Your output should be exactly the lines from the one containing "new lingerie female" through the final line of the following data, please, with no pictures.

*Data provided:*
----------------------------------------

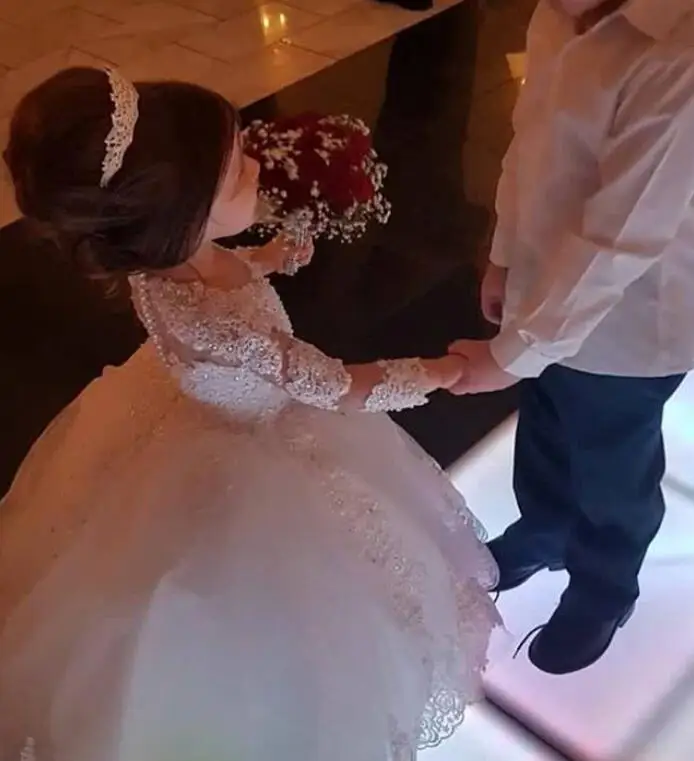 Женское бальное платье с длинным рукавом mariage fille Белое Бальное принцессы
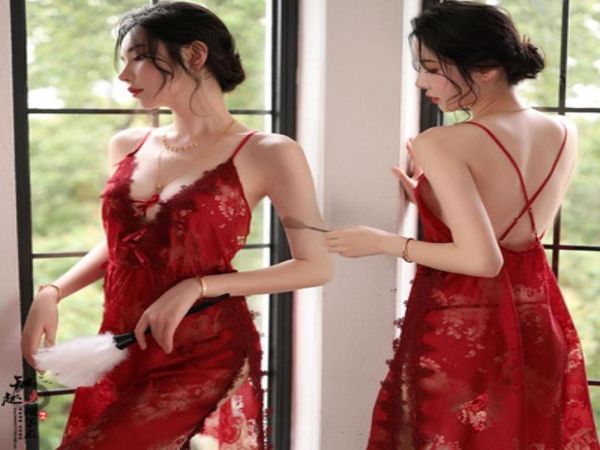 

new lingerie female lace temptation pajamas side split suspenders strap night skirt whole one piece 20748575985368, Black;red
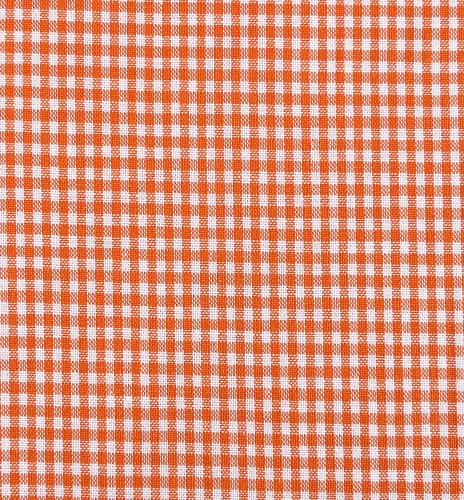 Baumwolle Webware - Vichy Karo - 2 mm - Weiß/Orange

----------------------------------------

*Your solution:*
new lingerie female lace temptation pajamas side split suspenders strap night skirt whole one piece 20748575985368, Black;red
 Baumwolle Webware - Vichy Karo - 2 mm - Weiß/Orange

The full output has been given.